Cerimônia em homenagem a Luiz Melodia teve belos números musicais e distribuiu troféus com igualdade

Enquanto não começava a cerimônia de entrega do 29º Prêmio da Música Brasileira no Theatro Municipal na noite de quarta, o clima era descontraído. Artistas posando para dezenas de fotógrafos do lado de fora e, depois, batendo papo com os amigos no foyer. “Não tem uma cerveja para tomar? Minha glicose está baixando”, já avisava Zeca Pagodinho. “Vou ali tomar um negocinho”, apressou-se Moacyr Luz. 

O primeiro estava de convidado, o segundo, ganhou nas duas categorias em que estava indicado: melhor álbum (“Ao vivo, no Bar Pirajá”) e grupo de samba (Moacyr Luz e Samba do Trabalhador). Foi neste momento em que surgiu o coro de “Lula livre”, que ecoou na plateia, seguido de algumas vaias. Chico César, que levou troféu pelo álbum “Estado de poesia, ao vivo”, já havia feito, discretamente, um “L” com a mão, gesto seguido pelos melhores cantores de samba Leci Brandão e Criolo, que se ajoelhou em reverência à “mestra”.

Camila Pitanga e Débora Bloch apresentaram a cerimônia que intercalou a história da vida de Luiz Melodia, homenageado desta edição, com imagens do arquivo pessoal projetadas no telão, no belo cenário de Gringo Cardia, os anúncios dos vencedores e dez números musicais. 

A premiação foi equilibrada, os únicos que levaram dois troféus foram o cantor e compositor Moacyr Luz, As Bahias e A Cozinha Mineira (álbum “Bixa” e grupo dentro de canção popular) – banda erronea e repetidamente chamada de As “Baianas” e a Cozinha Mineira - o violonista Yamandu Costa (álbum instrumental por “Quebranto”, em parceria com Alessandro Penezzi, e melhor solista), o arranjador Mário Adnet (arranjador e DVD por “Jobim Orquestra e convidados”), João Bosco como melhor cantor com “Mano que zuera”, Mônica Salmaso (cantora e álbum de música regional por “Caipira”) e Chico Buarque (que disputou com três músicas e venceu com “Tua cantiga”, em parceria com Cristóvão Bastos, e álbum de MPB por “As caravanas”). 

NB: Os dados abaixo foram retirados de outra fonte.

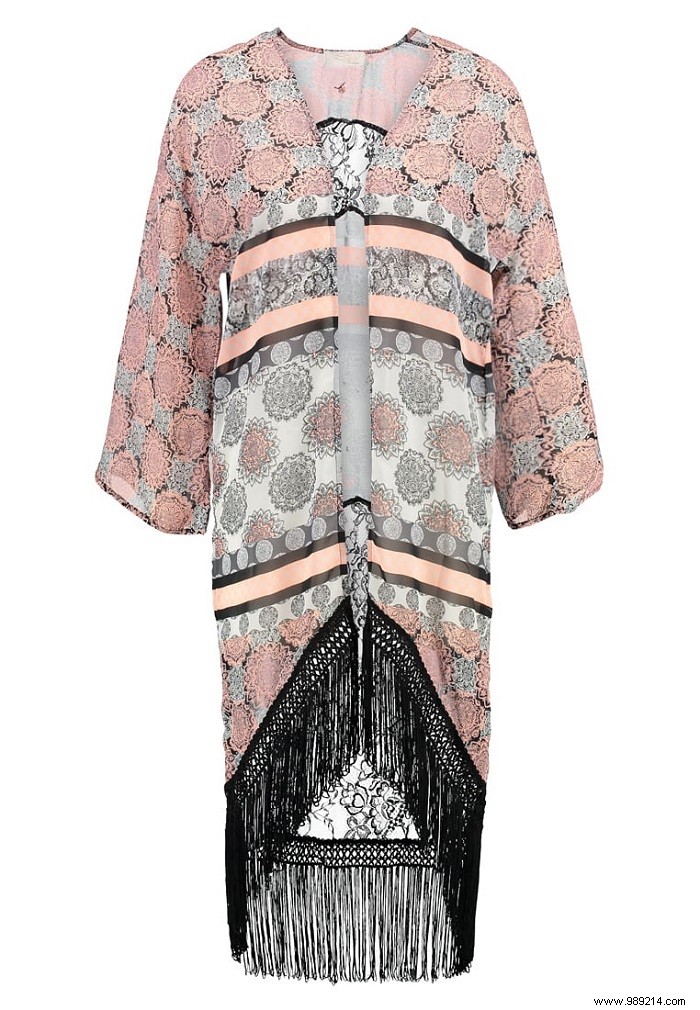 7 Stylish Kaftans You ll Never Want to Take Off This Summer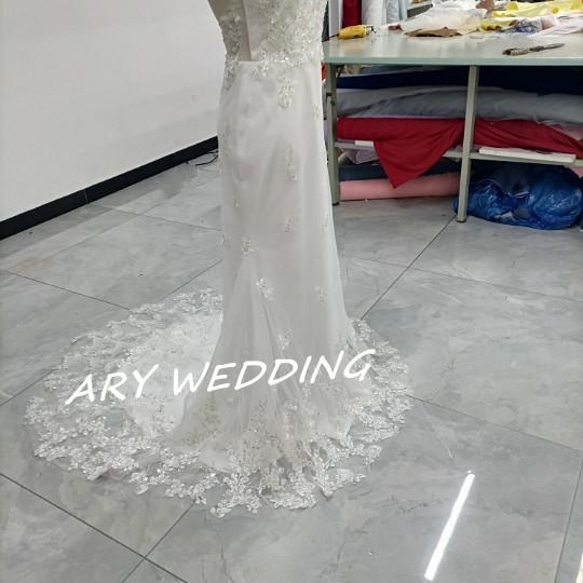 高品質！米白色吊帶背心婚紗 3D 3D蕾絲刺繡 優雅剪影 夢幻禮服 前期拍攝 第8張的照片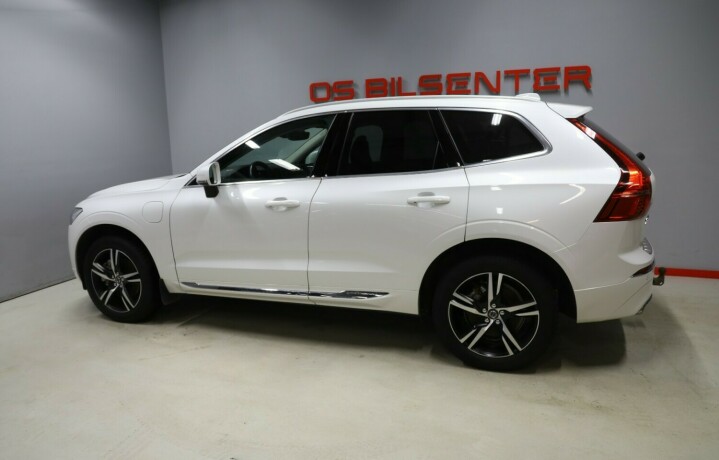 volvo-xc-60-elektrisitetbensin-2018-big-3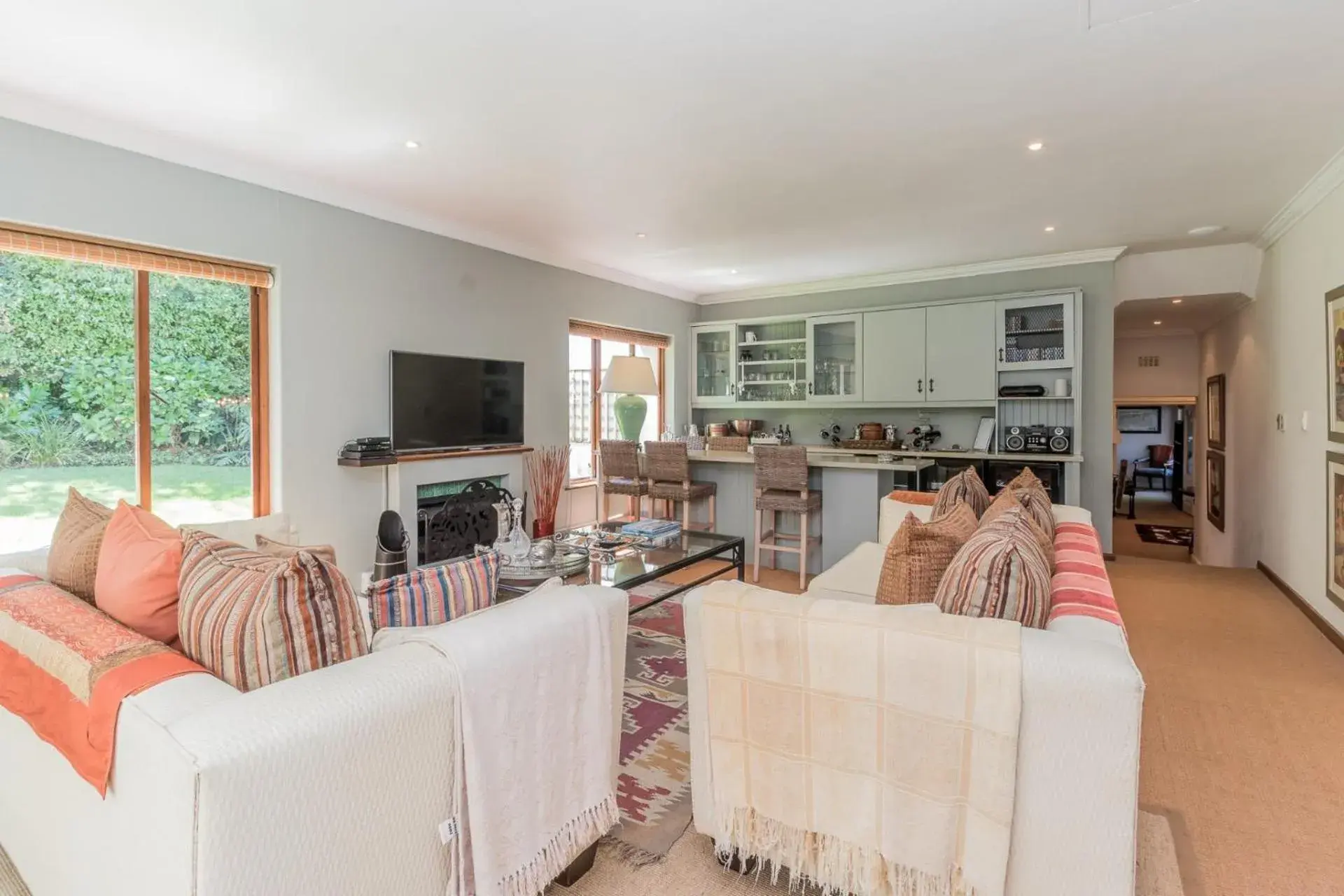 Seating Area in Fernwood Manor Boutique Guest House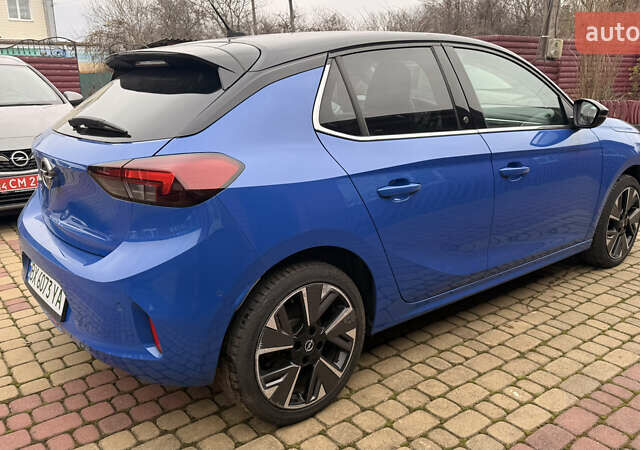 Синий Опель Корса, объемом двигателя 0 л и пробегом 120 тыс. км за 13000 $, фото 7 на Automoto.ua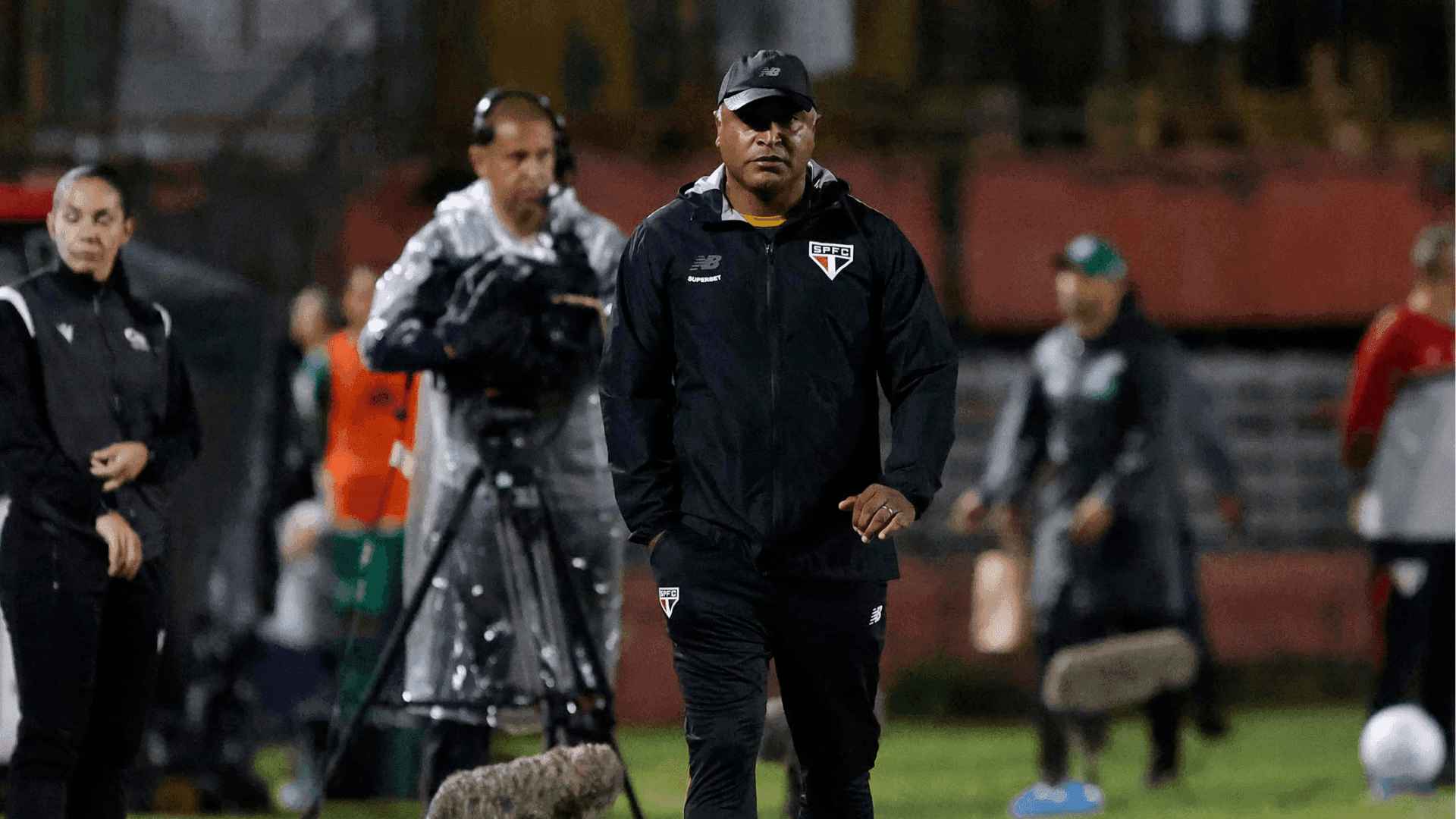 Roger Machado durante a partida contra a Chapecoense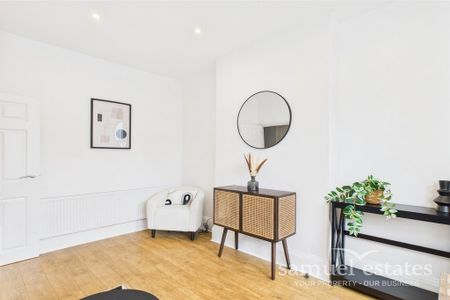 2 bedroom maisonette to rent - Photo 3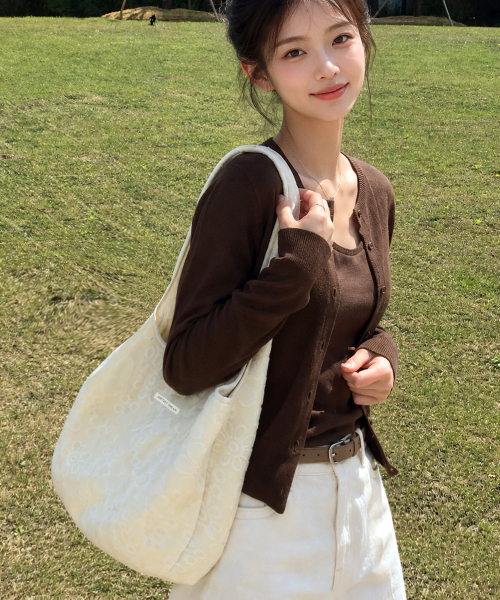 ARTISTWEAR（アーティストウェア）の「[ATW] ブルーム刺繍シングルバッグ（エコバッグ/サブバッグ・レディース・その他・FREE）」の2枚目の写真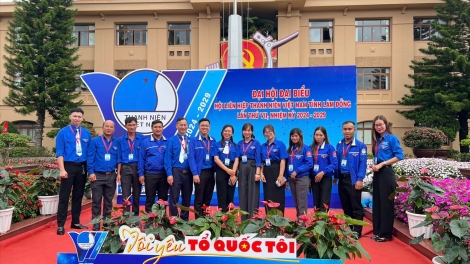 KAMEI URANG NDANG BANGSA K’HO PATO AKHAR HUROH, SALIH LEK TAKA SO DI MBON PALEI TAY NGUYEN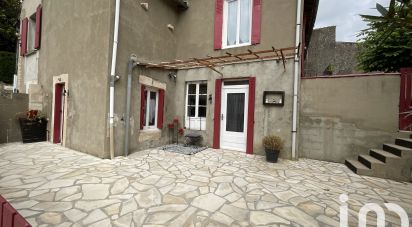 Town house 6 rooms of 169 m² in Cherveux (79410)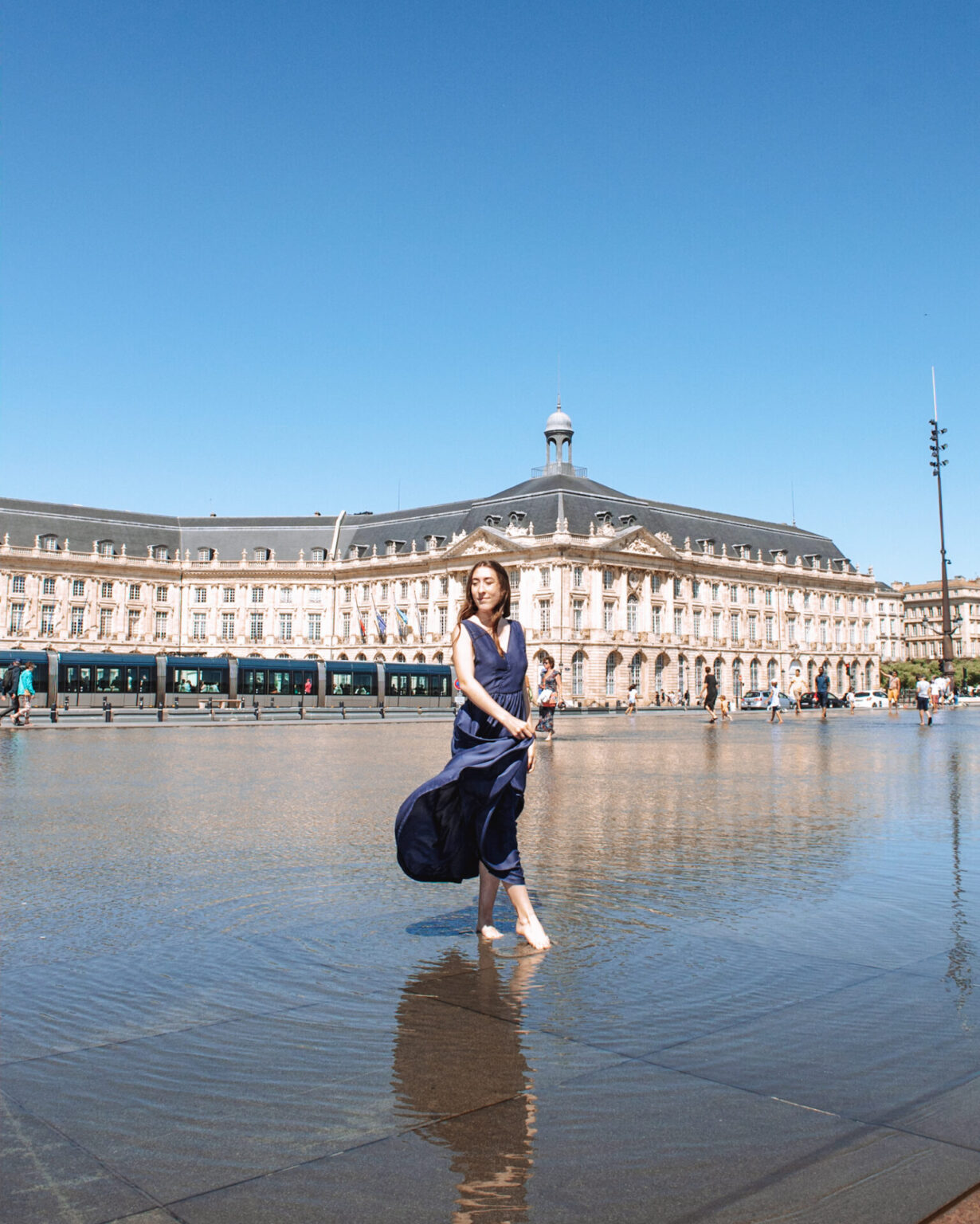 Water mirror place de la bourse guide to the best photo spots in bordeaux france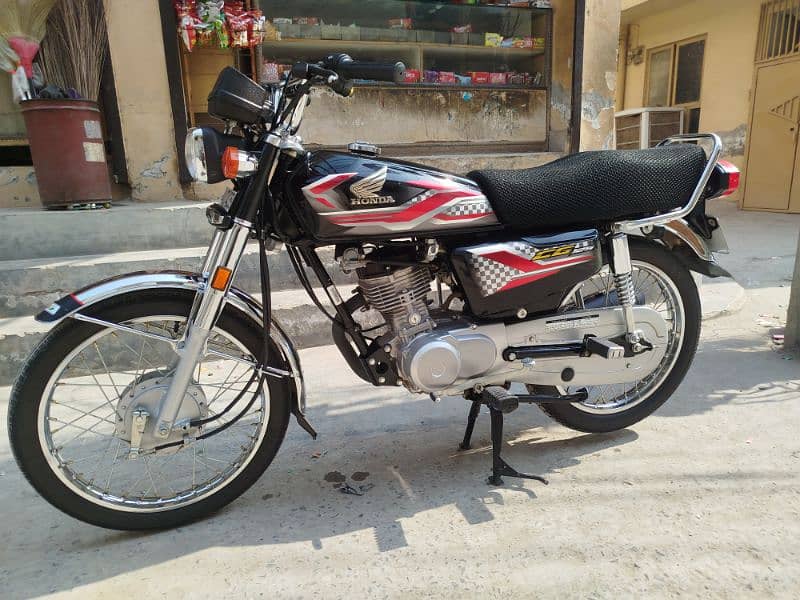 Honda CG 125 Black 6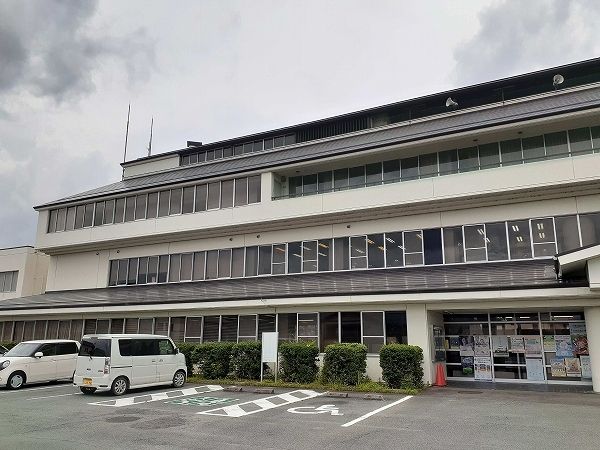 役所　亀山市役場　関支所（役所）まで550m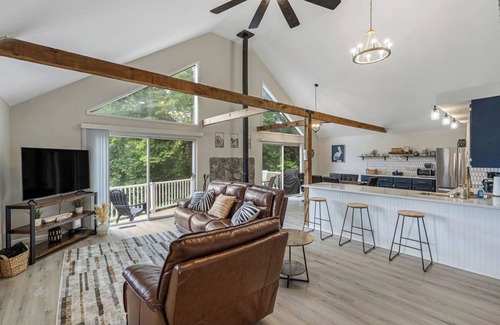 Hiawassee Cabin | Remodeled Mountain Cabin Over looking Lake Chatuge.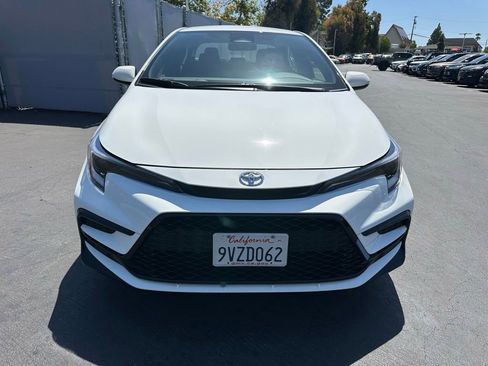 Used 2026 Toyota Corolla SE FWD image 6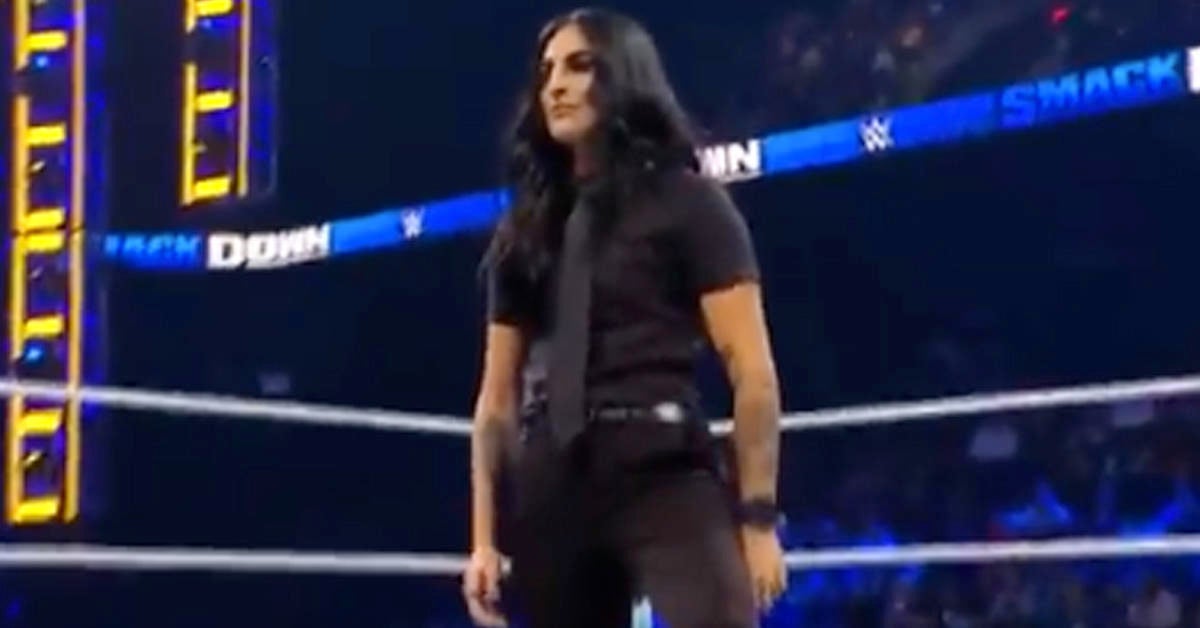 wwe-sonya-deville-win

Chico Buarque não foi, mas enviou o neto e parceiro Chico Brown. Ele não foi a única ausência sentida. Gal Costa, intérprete importantíssima na carreira de Luiz Melodia, que se tornou conhecido como autor em todo o Brasil, através da gravação em 1971 de “Pérola negra”, no antológico álbum “Fa-Tal – Gal a todo vapor”, e estava indicada pelo álbum “Estratosférica”, não compareceu à festa. A exemplo dos igualmente premiados Lulu Santos, Chitãozinho & Xororó, Roberto Carlos e Os Tribalistas. As irmãs Galvão, Mary e Marilene, emocionadas, receberam o prêmio de melhor dupla regional, aos 70 anos de carreira, e a ovação do público do Municipal.

Os números musicais da festa, que foi transmitida ao vivo pelo Canal Brasil, foram impecáveis ao homenagear Melodia. A primeira apresentação foi de Fabiana Cozza com “Meu nome é Ébano”; Baby do Brasil, com a voz cristalina, cantou “Magrelinha”; Alcione, melhor cantora na categoria popular, arrasou com “Estácio, Holly Estácio”, ao lado do violonista Renato Piau, parceiro de toda vida de Melodia; e Céu com “Salve linda canção sem esperança”. Entre os encontros, teve Áurea Martins e Xênia França com “Juventude transviada”, Zezé Motta dividindo “Dores de amores” com Sandra de Sá e Lenine com o filho João Cavalcanti em “Congênito”. 

Outro encontro familiar esperadíssimo - e inédito - foi o de Maria Bethânia com o irmão Caetano Veloso e os sobrinhos Moreno, Tom e Zeca Veloso cantando “Pérola negra”. O bandolinista Hamilton de Holanda e o violonista Yamandu Costa fizeram uma sofisticada versão instrumental de “Fadas”, a que depois se somou a voz de Pedro Luís e, no encerramento da noite, Liniker, Lazzo Matumbi e Iza cantaram “Negro gato”, com intervenções de pessoas dançando no ritmo das batidas de funk.